1. Change From Baseline on the Integrated Alzheimer's Disease Rating Scale (iADRS) [ Time Frame: Baseline, Week 104 ]
   Integrated Alzheimer's Disease Rating Scale (iADRS) is a simple linear combination of scores from 13-item alzheimer's disease assessment scale-cognitive subscale (ADAS-Cog13) and the Alzheimer's disease cooperative study-instrumental activities of daily living scale (ADCS-iADL). It is used to assess whether zagotenemab slows down the cognitive and functional decline associated with early symptomatic Alzheimer's Disease, compared to placebo. The iADRS score ranges from 0 to 144 with lower scores indicating worse performance and higher score better performance. Change from baseline was calculated using Bayesian disease progression model (DPM) with fixed, categorical effects of treatment, pooled site, acetylcholinesterase inhibitor (AChEI) use at baseline (yes/no), and the continuous effects of baseline score and age at baseline.

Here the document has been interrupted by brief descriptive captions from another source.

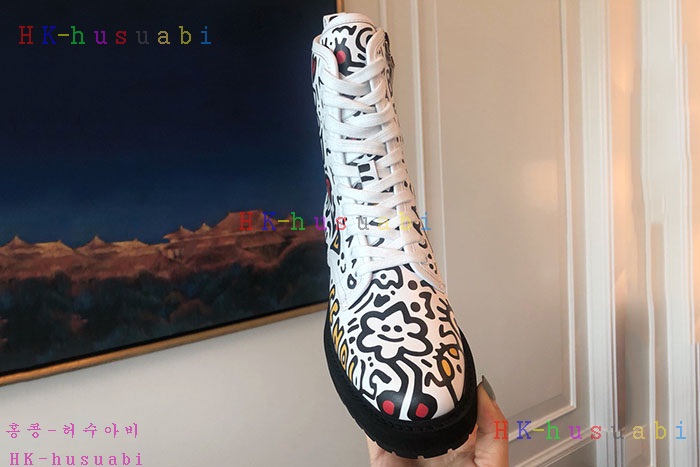NEW 펜디 부츠 신상 FD 421115
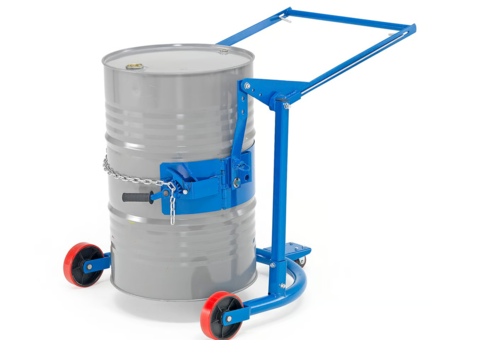 Barrel trolley 365 kg
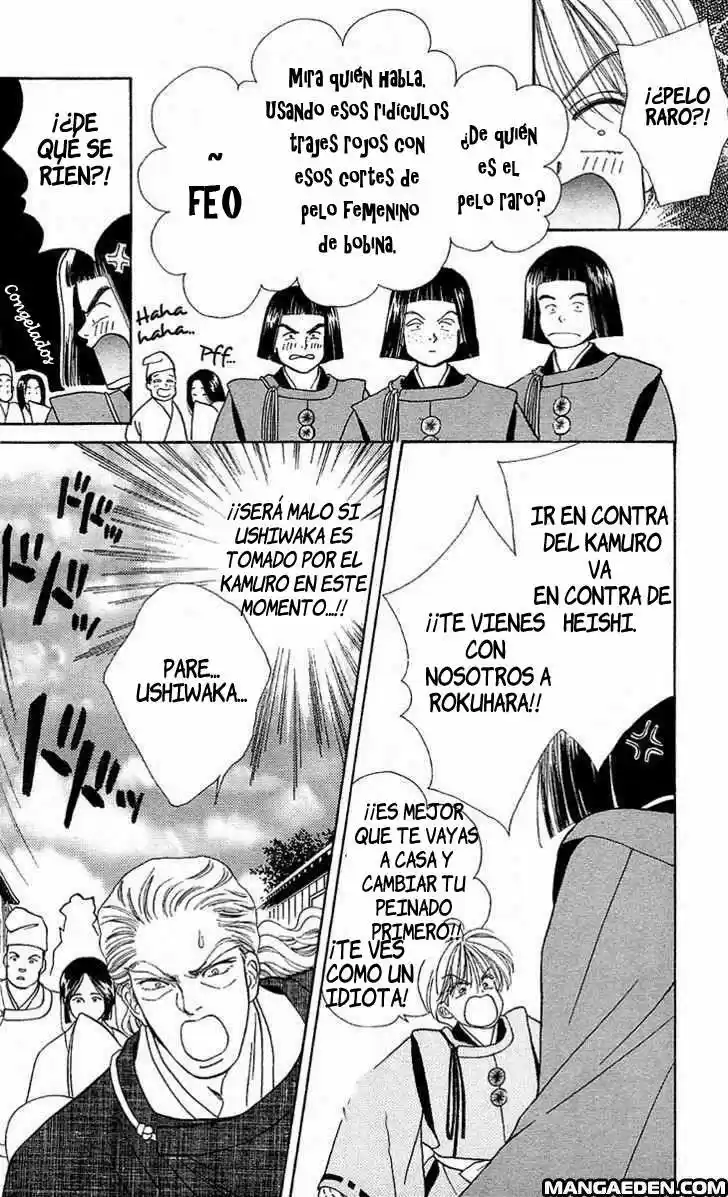 Ryou (Ryo) (2016) - Capítulo 8 - Página 14 - LectorTMOo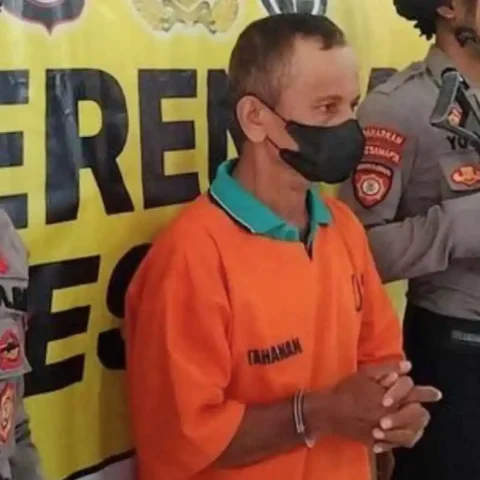 Lansia Bejat Di Bau Bau Cabuli Keponakan Hingga Hamil 7 Bulan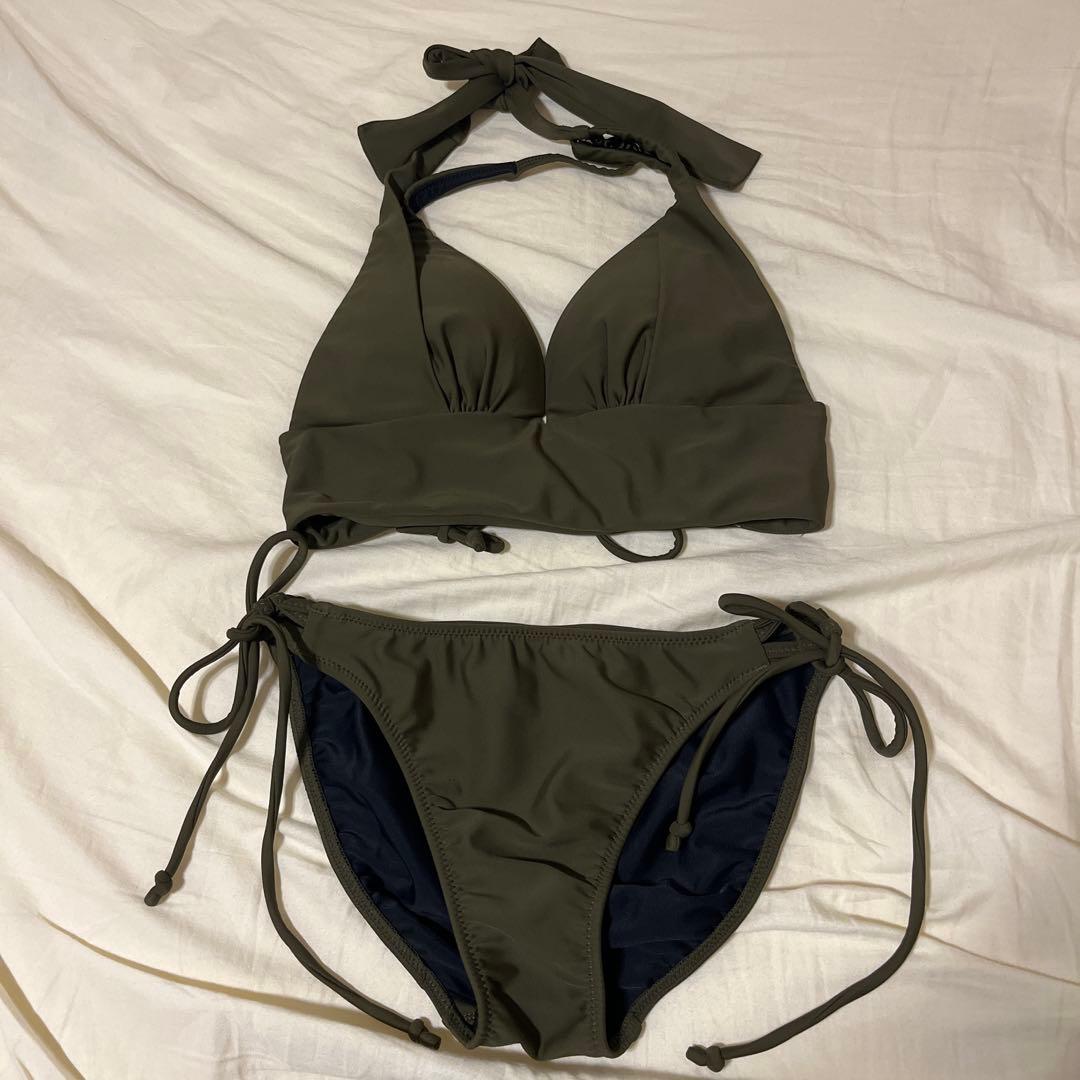 三愛水着楽園 ナチュラルアップブラ ノンワイヤービキニ9M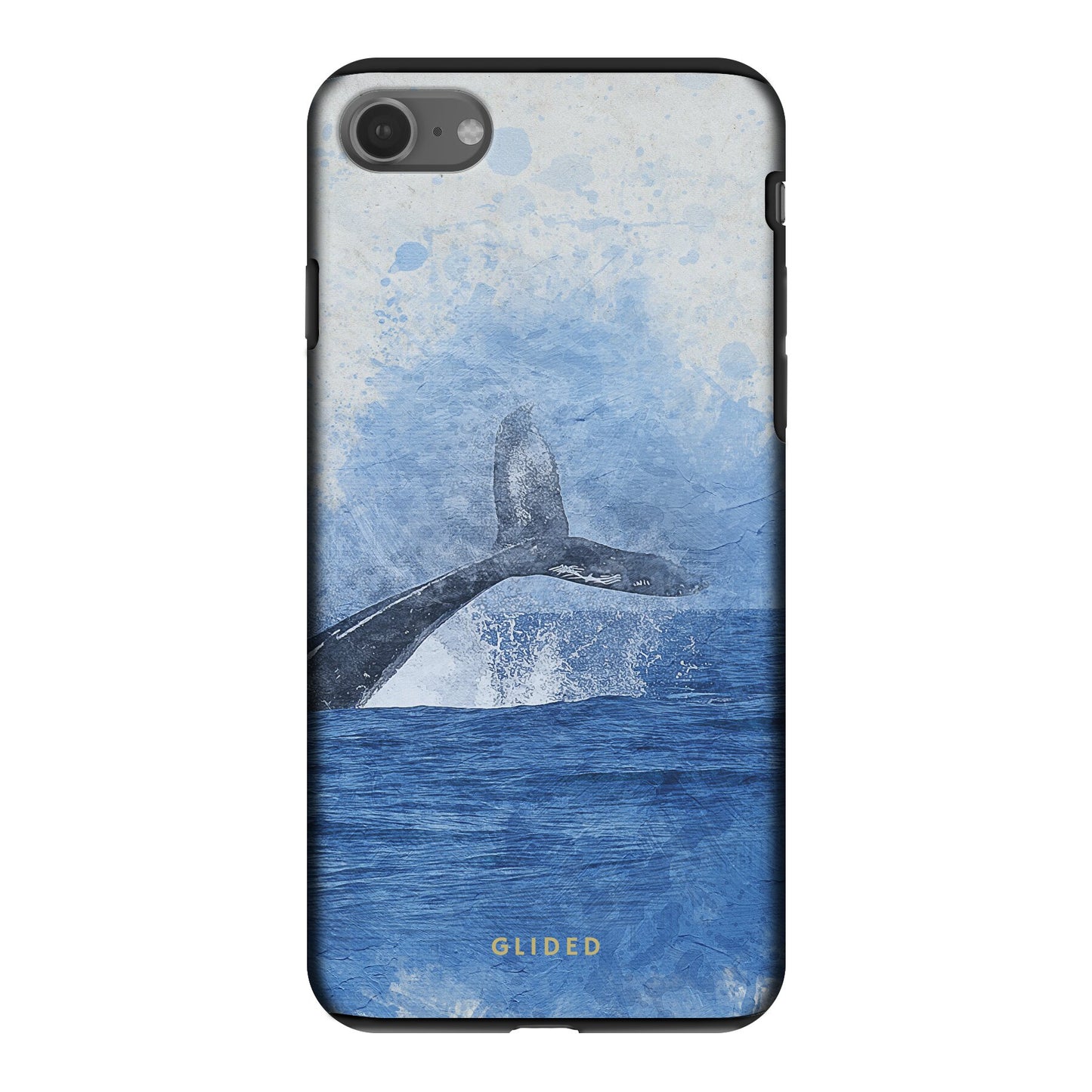 Oceanic - iPhone 8 Handyhülle Tough case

Data presented are posterior mean with 95% credible interval.

Secondary Outcome Measures :

1. Change From Baseline on the Alzheimer's Disease Assessment Scale- Cognitive Subscale (ADAS-Cog13) Score [ Time Frame: Baseline, Week 104 ]

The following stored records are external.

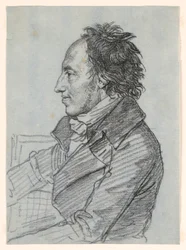 Porträt eines Mannes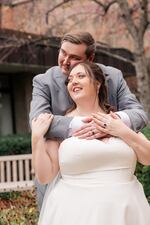 Eve Burdick and her husband Cael just celebrated their first wedding anniversary. They'd like to buy a home, but feel priced out of the Minneapolis market.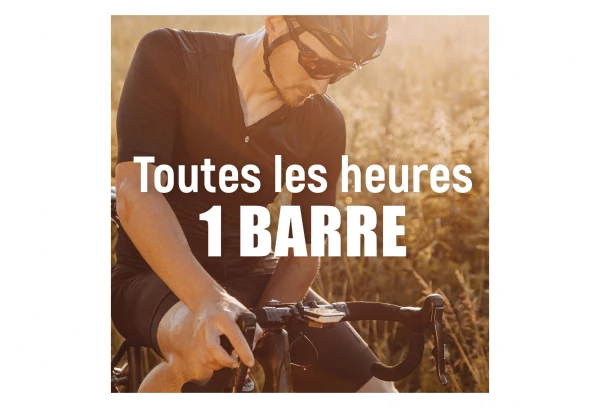 Barre Énergétique Overstims Chocolatée Chocolat Au Lait Magnésium 4 Barre Énergétique Overstims Chocolatée Chocolat Au Lait Magnésium – Image 4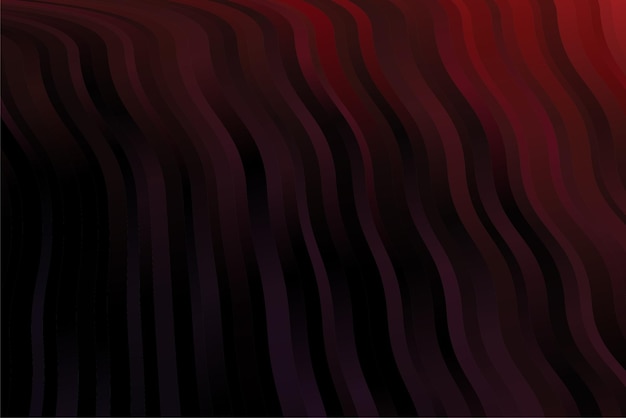 Fondo de líneas onduladas geométricas abstractas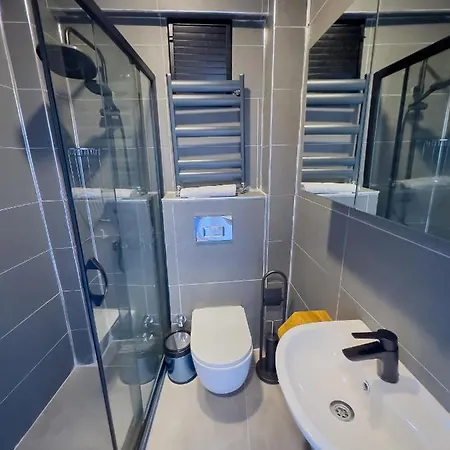 Sunway Bosphorus Apartment *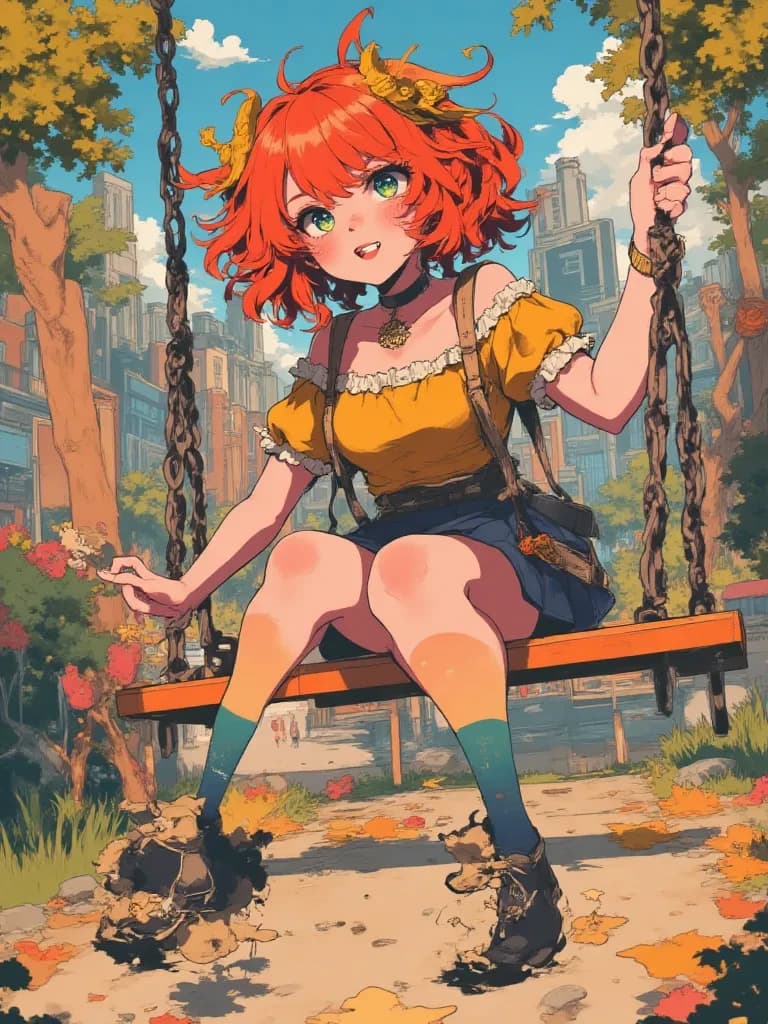 Niki 'The Nymph' Naughtington thumbnail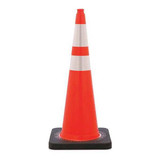 Manufacturer Varies Traffic Cone,15 lb.,Orange Cone Color RS90070CT3M64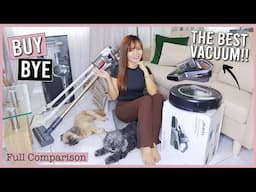 BEST & MOST AFFORDABLE Vacuum for Home Cleaning ✨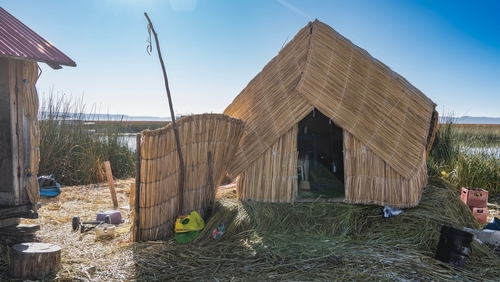 Huts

   The ADAS is a rater-administered instrument that was designed to assess the severity of the dysfunction in the cognitive and noncognitive behaviors characteristic of persons with Alzheimer's Disease (AD). The cognitive subscale of the ADAS consists of 13 items assessing areas of cognitive function most typically impaired in AD: orientation, verbal memory, language, praxis, delayed free recall, digit cancellation, and maze completion measures. The ADAS-Cog13 scale ranges from 0 to 85, with higher scores indicating greater disease severity. Change from baseline was calculated using Bayesian disease progression model (DPM) with fixed, categorical effects of treatment, pooled site, acetylcholinesterase inhibitor (AChEI) use at baseline (yes/no), and the continuous effects of baseline score and age at baseline. Data presented are posterior mean with 95% credible interval.

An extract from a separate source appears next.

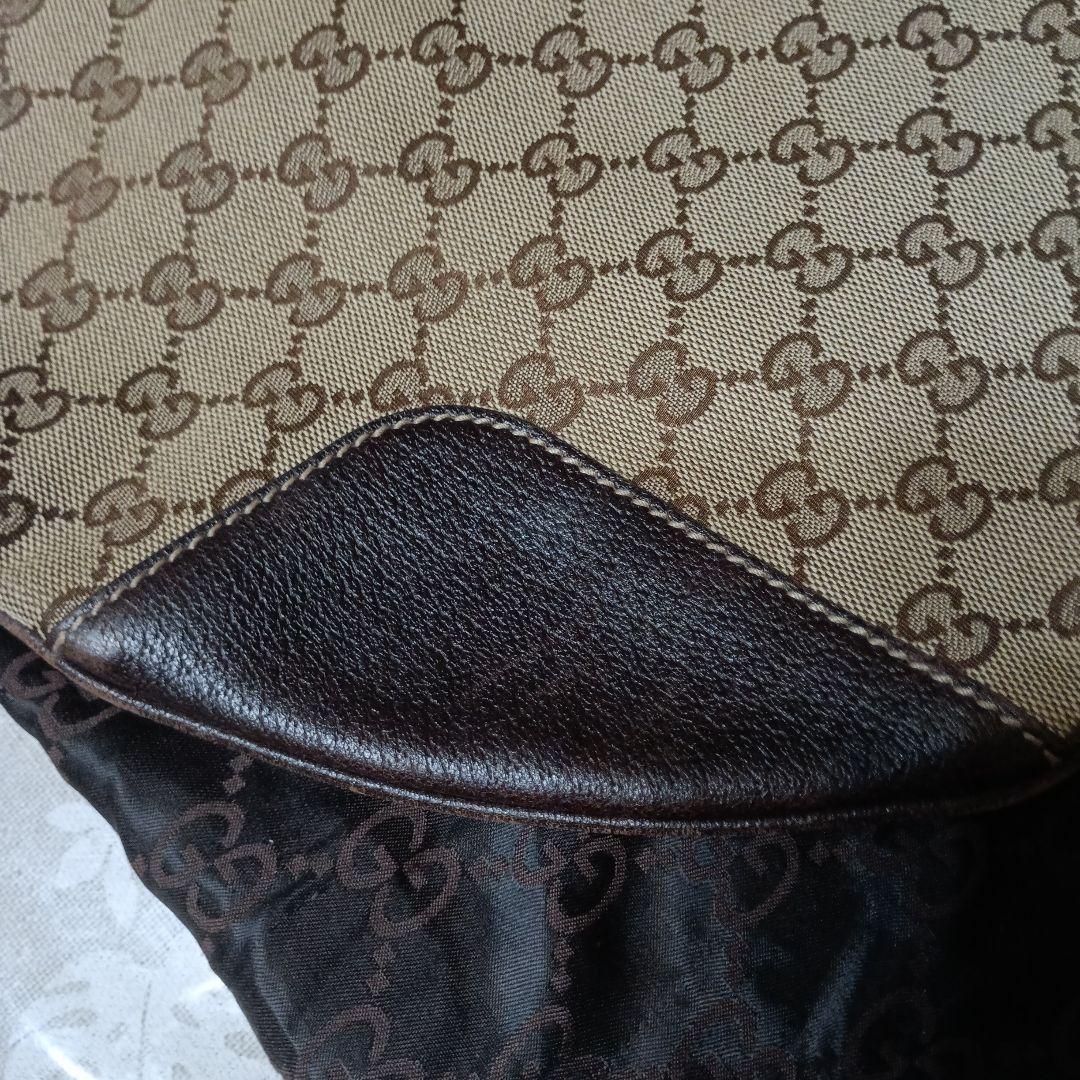Gucci GGパターン ショルダーバッグ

2. Change From Baseline on the Alzheimer's Disease Cooperative Study-Instrumental Activities of Daily Living Scale (ADCS-iADL) Score [ Time Frame: Baseline, Week 104 ]
   The ADCS-ADL is a 23-item inventory developed as a rater-administered questionnaire answered by the participant's caregiver. The ADCS-ADL measures basic, instrumental activities of daily living by participants (instrumental activity items 6a, 7-23). The range for the ADCS-iADL is 0-59, with lower scores indicating greater disease severity. Change from baseline was calculated using Bayesian disease progression model (DPM) with fixed, categorical effects of treatment, pooled site, acetylcholinesterase inhibitor (AChEI) use at baseline (yes/no), and the continuous effects of baseline score and age at baseline. Data presented are posterior mean with 95% credible interval.
3. Change From Baseline on the Clinical Dementia Rating Scale Sum of Boxes (CDR-SB) Score [ Time Frame: Baseline, Week 104 ]
   CDR-SB is a semi-structured interview of participants and their caregivers. Participant's cognitive status is rated across 6 domains of functioning: memory, orientation, judgment/problem solving, community affairs, home/hobbies, and personal care. Severity score assigned for each of 6 domains; Total score (SB) ranges from 0 to 18. Higher scores indicate greater disease severity. Change from baseline was calculated using Bayesian disease progression model (DPM) with fixed, categorical effects of treatment, pooled site, acetylcholinesterase inhibitor (AChEI) use at baseline (yes/no), and the continuous effects of baseline score and age at baseline. Data presented are posterior mean with 95% credible interval.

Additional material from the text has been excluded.